Fakat sızdırılan bu belgelerden çıkan sonuçlar, bazı durumlarda hesabın kime ait olduğunu bile bilmeyen bankaların, bahsi geçen miktarlardaki paraları yetkililerden uyarı almalarına rağmen taşımaya devam ettiklerini ortaya koydu.
Raporda hangi bankalar öne çıkıyor?
Dosyalarda yer alan analize göre AG, 1.3 trilyon dolarlık şüpheli işlem ile başta yer alıyor. Suçluların, teröristlerin ve uyuşturucu tacirlerinin para aklama operasyonlarının banka üzerinden yapıldığı söyleniyor.

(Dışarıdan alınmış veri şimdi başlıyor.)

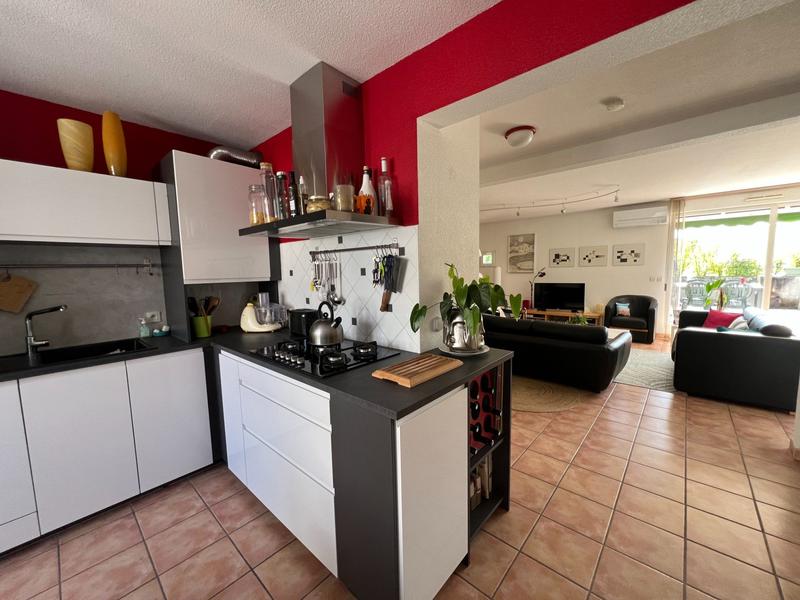 Appartement - 99 m² - 4 pièces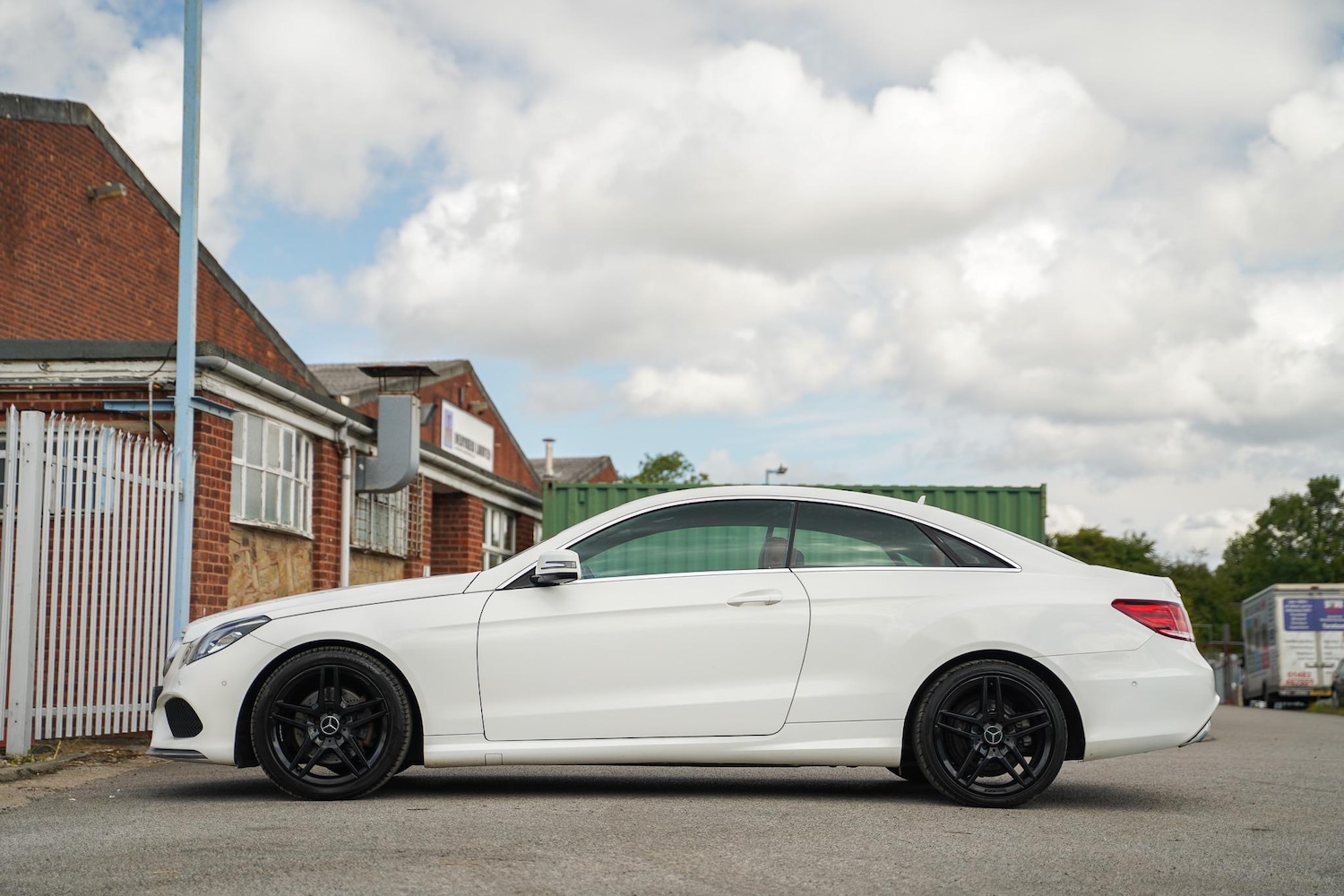 Used Mercedes-Benz E Class 2014 for sale - 77440982: Photo 14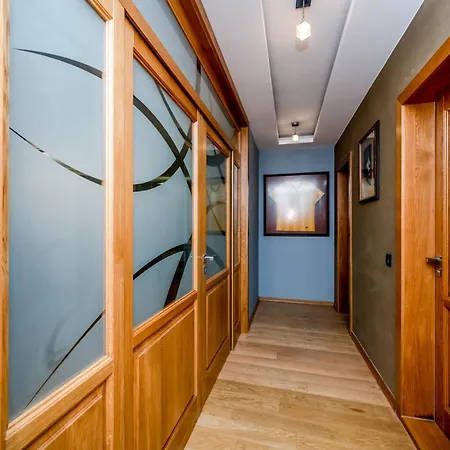 Apartment Spacious Lovely 3-bed With Big Balcony *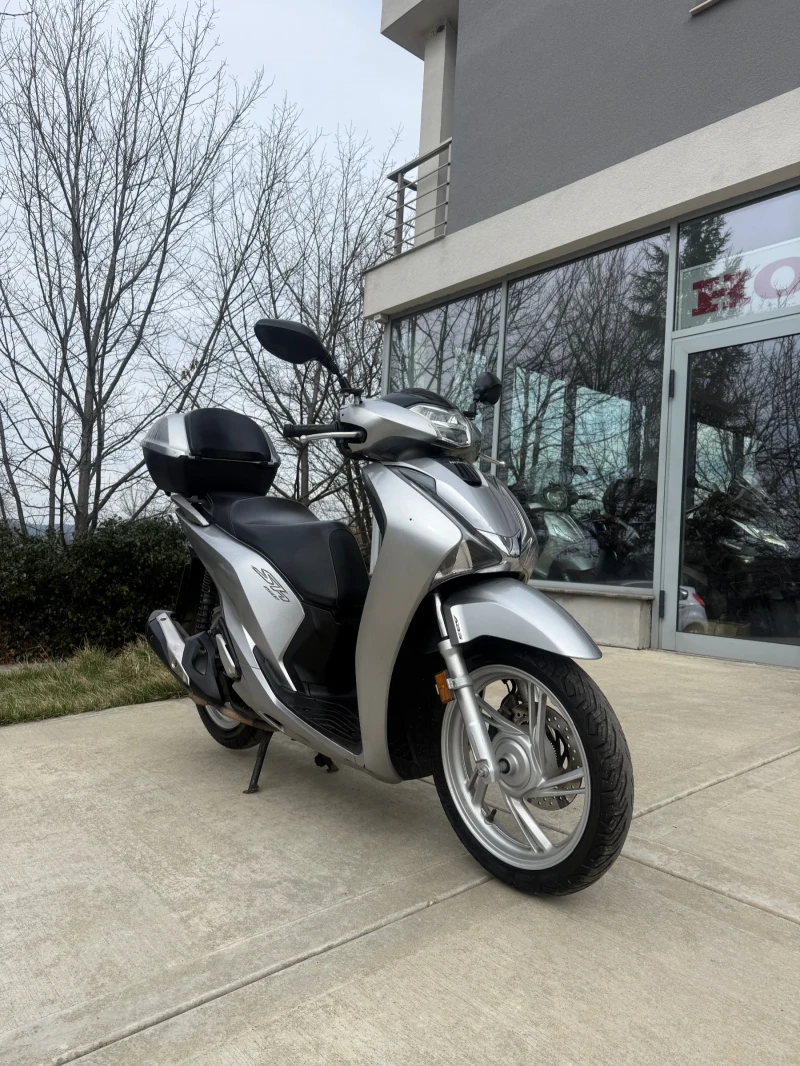 Honda Sh 150ABS LED 2017, снимка 2 - Мотоциклети и мототехника - 53474585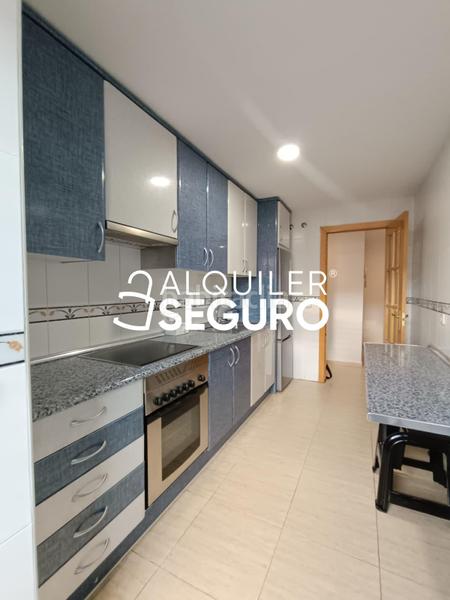 Foto f1006a3f-e71d-4489-89bf-4a00aa6d0c6c. Affitto appartamento con riscaldamento parcheggio in Parla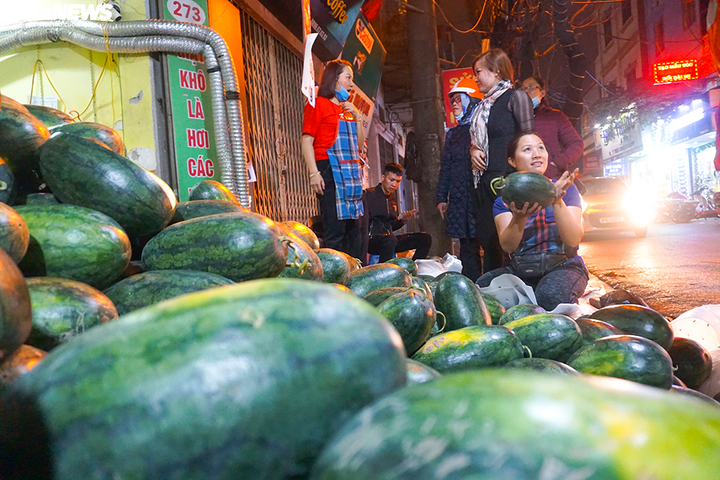 Cửa khẩu ngừng thông quan, hàng nông sản lại chạy về Thủ đô chờ giải cứu - 3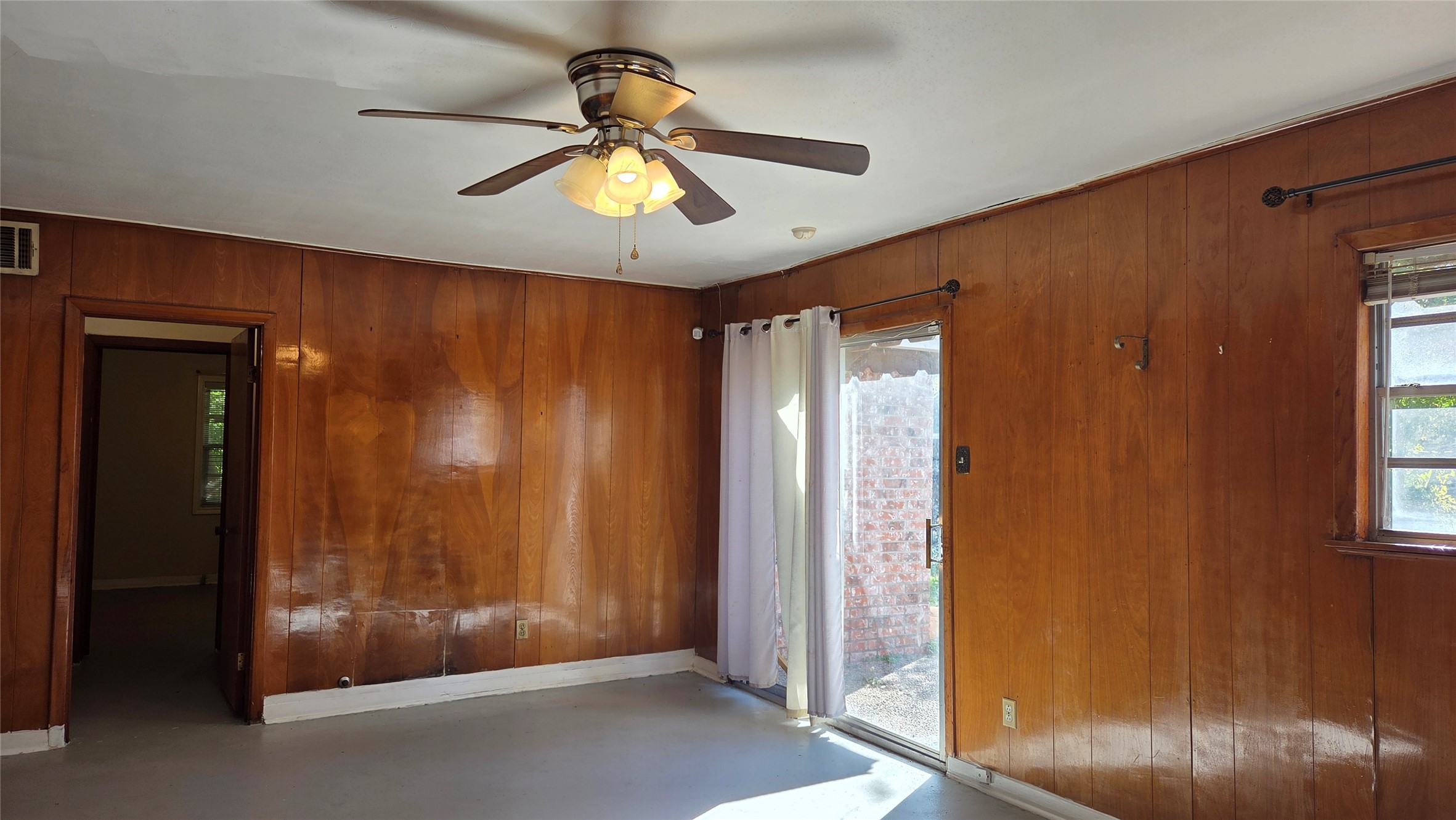 8510 Cowart Street Houston, TX 77029 - Photo 9 of 12 a view of entryway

JP Morgan’ın ise, kime ait olduğunu bilmediği bir hesap üzerinden 1 milyar dolar üzerinde para taşıdığı belirtiliyor. Banka sonradan hesabın FBI’ın en çok arananlar listesinde yer alan bir mafyaya ait olduğunu öğreniyor.
HSBC’nin de milyonlarca doların dolandırıcılar tarafından dünyanın bir çok yerine taşınmasına göz yumduğu söyleniyor.
Bizi neden ilgilendiriyor?
Yasadışı paranın bu kadar rahat hareket edebilmesi, yolsuzluğun, uyuşturucu tacirlerinin, vergi kaçakçılarının ve oligarkların kazandıkları paraları aklayarak güç kazanmalarını sağlıyor. Bu konuda dünyanın en büyük ve saygıdeğer bankaların ve regülatörlerinin en önemli kontrol mekanizması olması gerekirken, onların da bilgisi dahilinde bu işlemlerin gerçekleştirilebiliyor olması toplumun güvenini sarsıyor.